[[ DATASET SECTION, beginning ]]

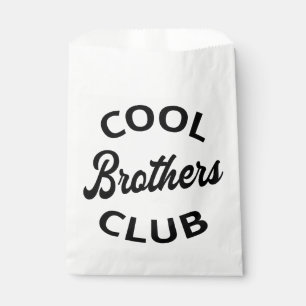 Bolsa De Papel Guay Brothers Club I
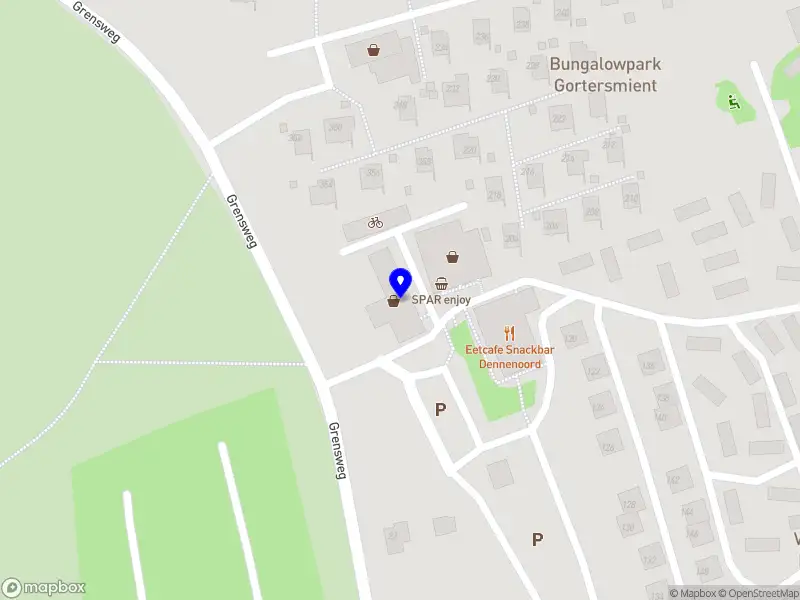 Dennenoord Supermarkt Beheer B.V. DEN BURG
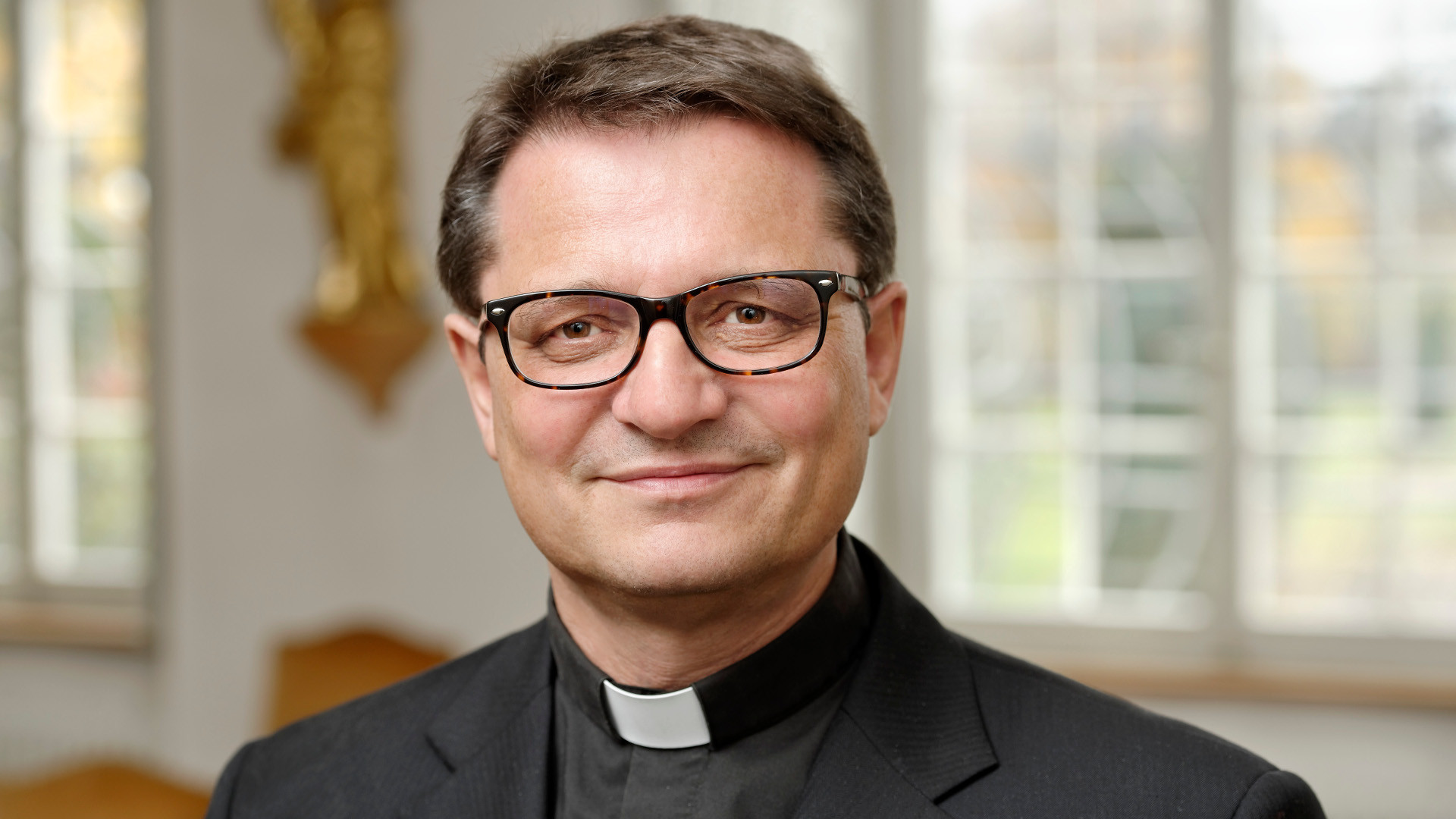 Felix Gmür, Bischof von Basel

[[ DATASET SECTION, end ]]

● **REQUIRED WORK**:
Exactly the lines from the line with "Dennenoord Supermarkt Beheer B.V. DEN BURG" through the end of the data are to be reproduced, and no picture is to be included.

● **EXERCISE RESPONSE**:
 Dennenoord Supermarkt Beheer B.V. DEN BURG
 Felix Gmür, Bischof von Basel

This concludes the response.